For adults with kids, there is a great need for animated films to make the family happy. For movie studios, there is a great need for films that the entire family can go to that are not slapped with an R-rating which cuts down on profits. Two recent films recently made films about races, Planes and Turbo, showed a need for speed. More and more, the glut of these movies shows the need for greed. Greed is what makes studios only think about making money and not good movies. I actually did like both Planes and Turbo, which is strange because I absolutely hated Cars 2, which was also a race movie.
Planes is a sequel to Cars, which is odd since it wasn’t produced by Pixar but Disneytoons which normally produce a heavy slate of straight-to-video fare. Early reception generated plan to make two more Planes films. Planes takes the world wide race that was tried in Cars 2 and makes it more visually entertaining. One of the most interesting things when watching one of these movies is figuring out the vocal talent. Here the names are not A-list stars, but they serve well. They are Dane Cook, Stacy Keach, Cedric the Entertainer, John Cleese, Teri Hatcher, Julia Louis-Dreyfus, Brad Garrett and Carlos Alazraqui. I know. I’ve never heard of Alazraqui either, but he does a dead-on imitation of Antonio Banderas as Puss in Boots. The visuals are the key here. The swooping vistas of flight are always exhilarating. It is still put in the framework of an overly familiar story of a downtrodden underdog.
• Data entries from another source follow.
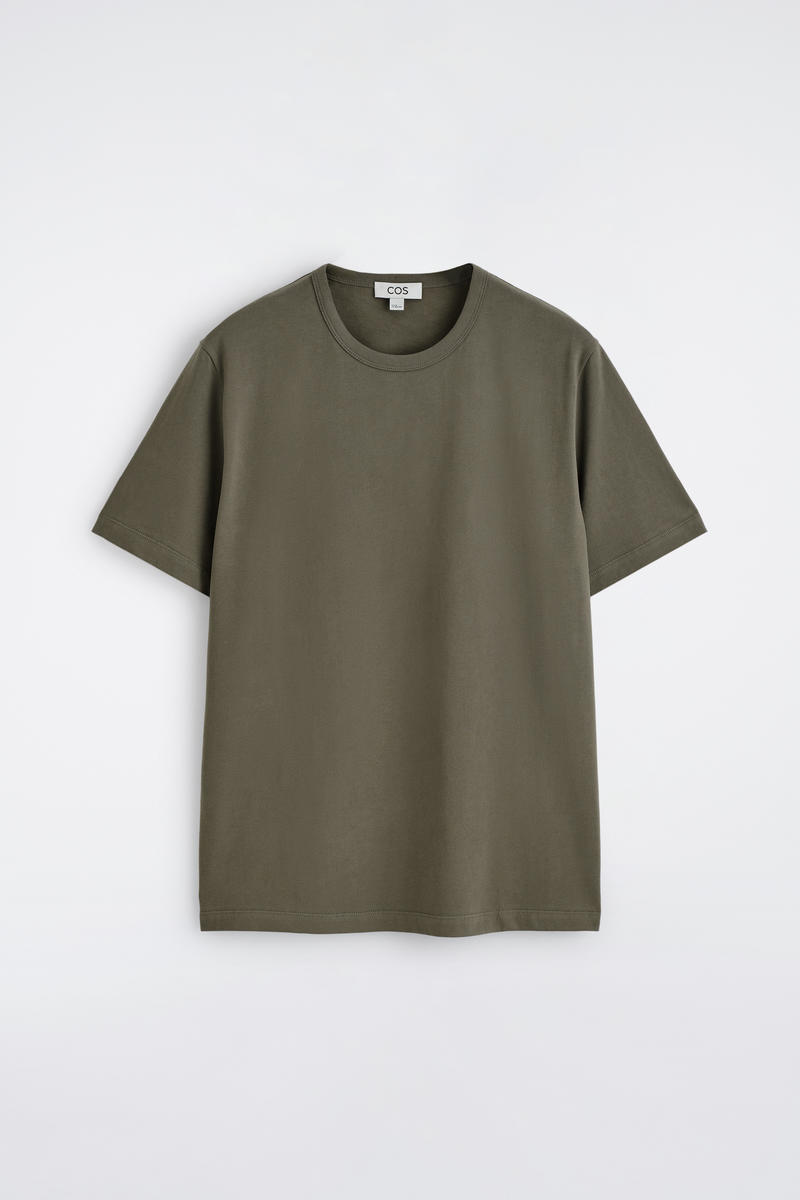 Cos Brushed-cotton T-shirt In Green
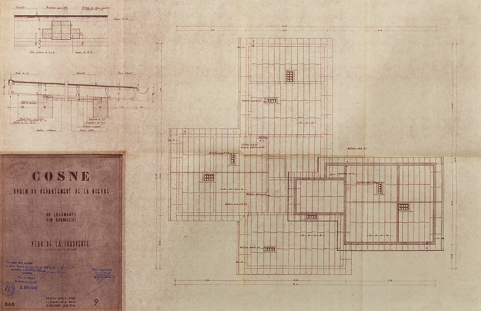 Opération de 32 logements, plan de la charpente, L. Robert et M. Guillaume, avril 1955. (Archives municipales Cosne-Cours-sur-Loire, 200 W 16 - PC 722) © Région Bourgogne-Franche-Comté, Inventaire du patrimoine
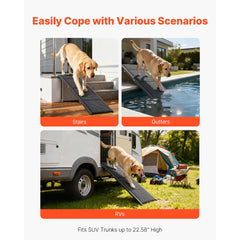 Dog Ramp for Cars, 63" L x 17" W, Folding Pet Ramps for Medium & Large Dogs up to 250lbs, Pet Stair Ramp with Non-Slip Felt Rug Surface, Portable Outdoor Dog Car Ramps for SUV & Truck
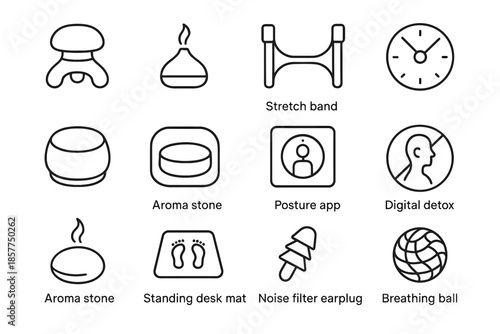 Breathing stretch wellness set icon massager vector mini mat standing noise desk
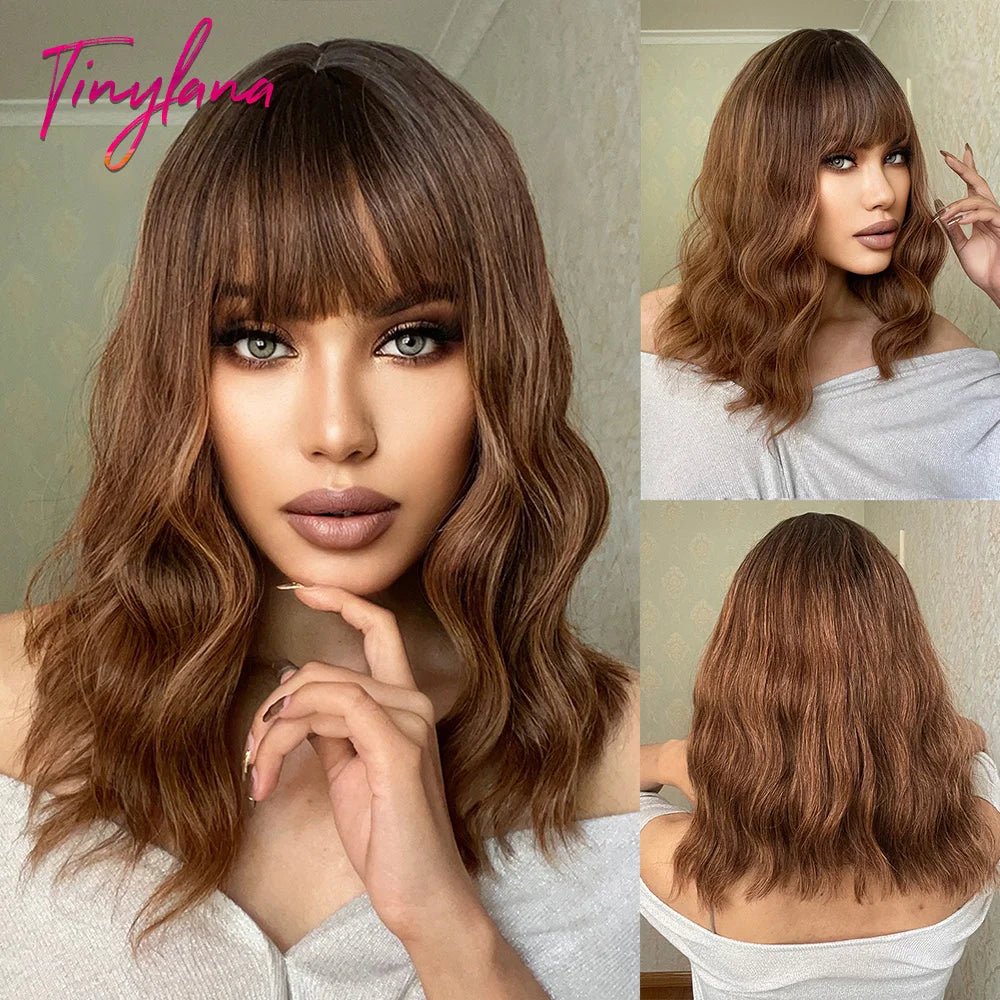 Curly Pink Purple Mixed Blue Wavy Synthetic Wigs with Bangs Short Bob Colorful Cosplay Wig
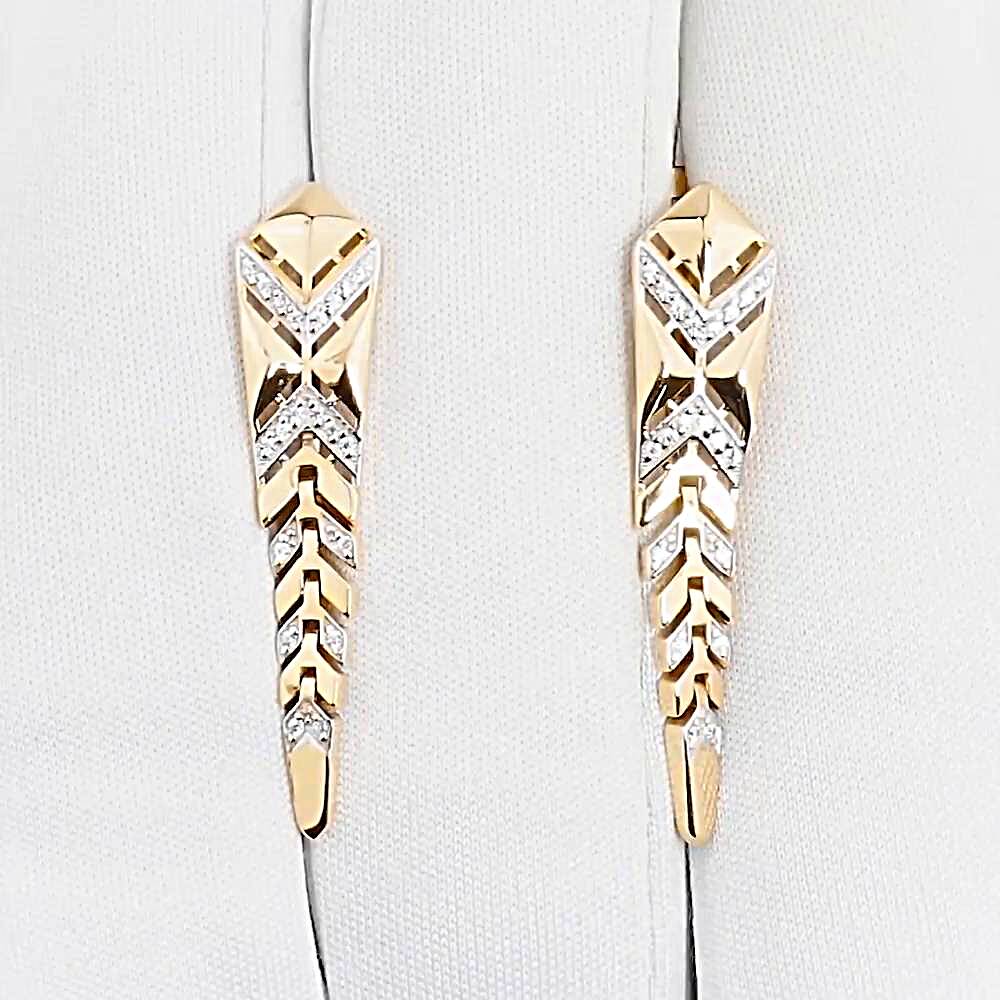 Серьги  Змея с фианитами из красного золота 585 пробы 1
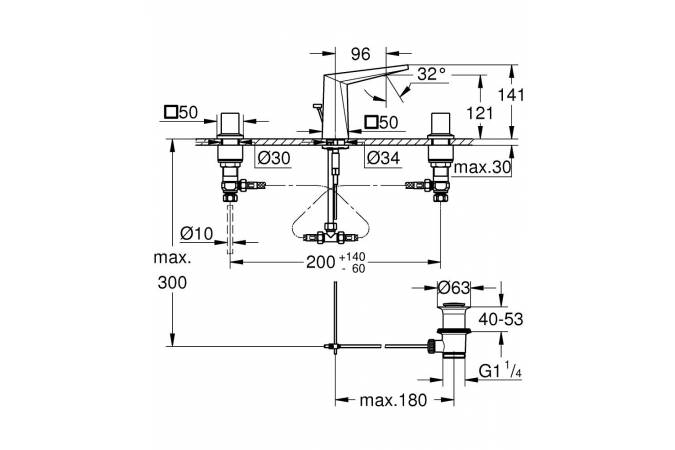 Grohe Allure Brilliant 20342000 Габаритні розміри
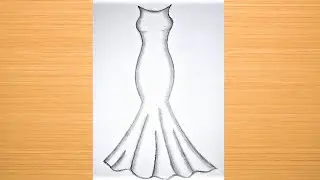 How to draw a prom dress drawing // dress drawing 💚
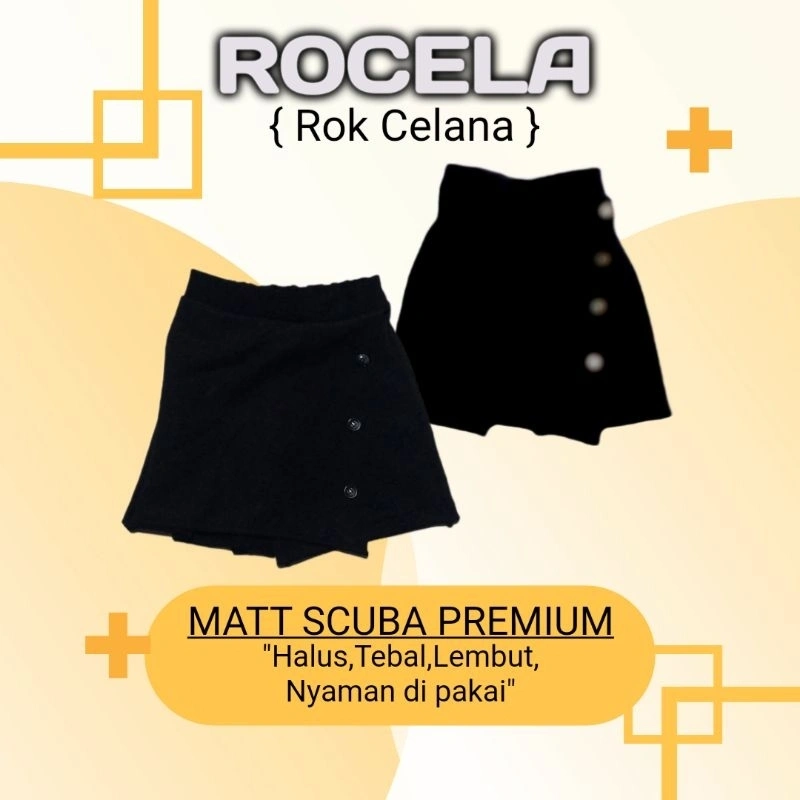 Kids Rok Celana Anak Perempuan Korean Style Polos Warna Hitam Uk 1-8 tahun | Rocela Hotpant Rok Celana Scuba Premium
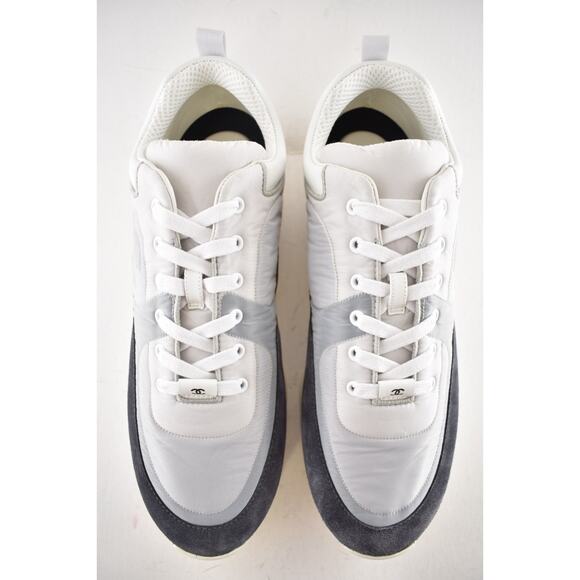 Chanel Mens 21C Grey Suede Ecru Nylon CC Logo Lace Low Top Trainer Sneaker 44 11 - Picture 8 of 12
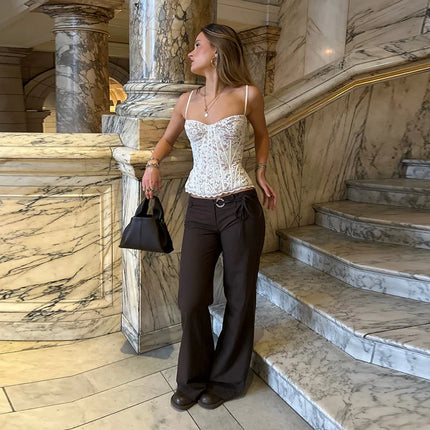 Sexy Lace Corset Women's Slim Fishbone Spaghetti Strap Bodycon Lace-up Backless Tank Tops 2026 Summer New Ladies Vest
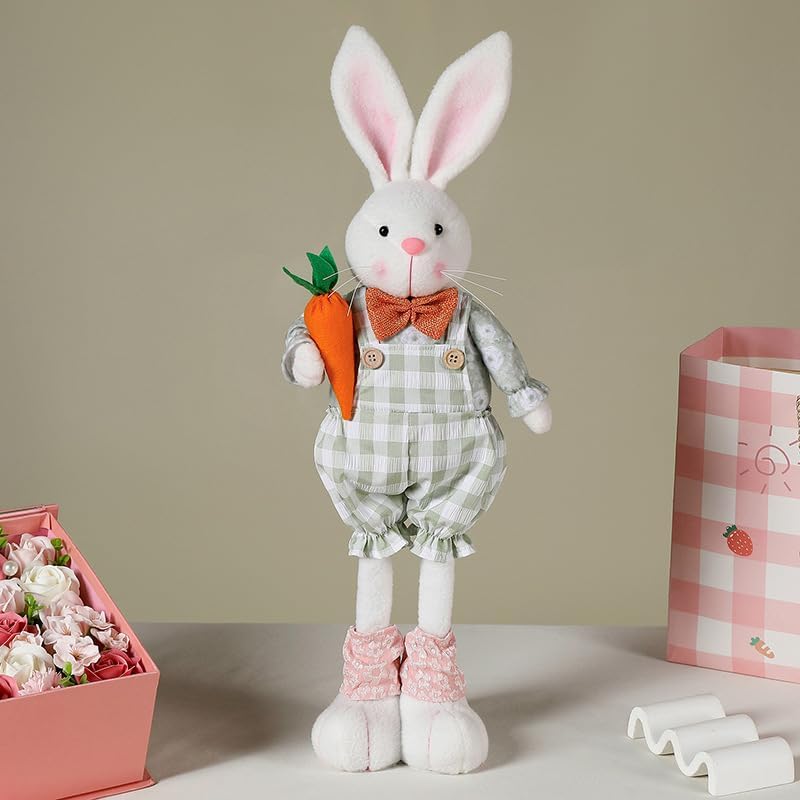 Skiennix Adjustable Easter Bunny Gnome Plush - Extendable 16.1” to 21.7” Spring Decor for Home & Holiday Display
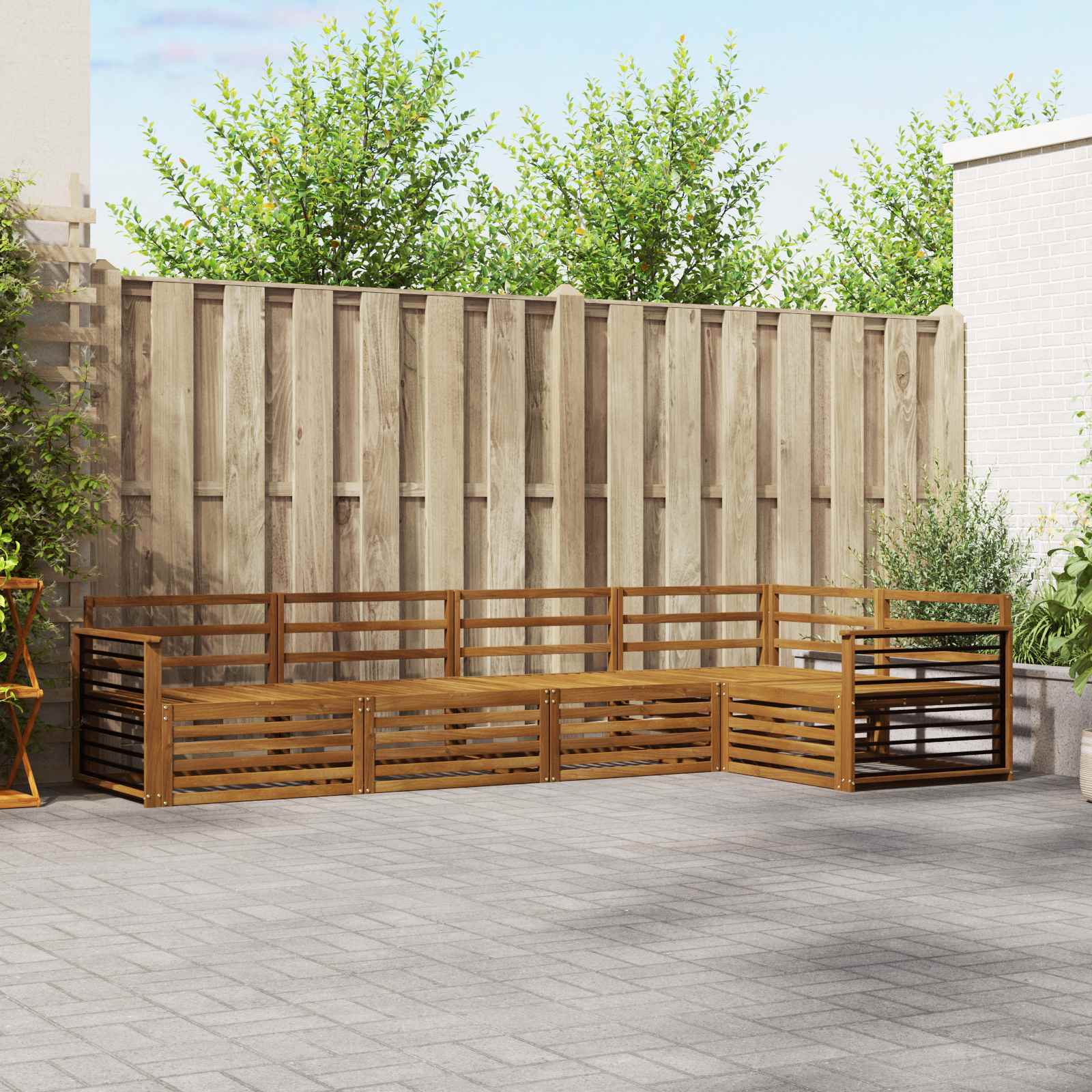 Buiten bankenset 5 pcs Naturel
Turbo took that underdog idea to ridiculous extreme by having a snail receive an incredible gift of great speed. Not just doubling his speed but increasing his speed a gazillion times, enough to compete in the Indianapolis 500. Yes, a snail competing against high powered race cars. Is it possible to think of a more absurd premise? Then they add fun elements like a taco stand as a sponsor and a bunch of rowdy snail mentors. Overall, Turbo was surprisingly entertaining.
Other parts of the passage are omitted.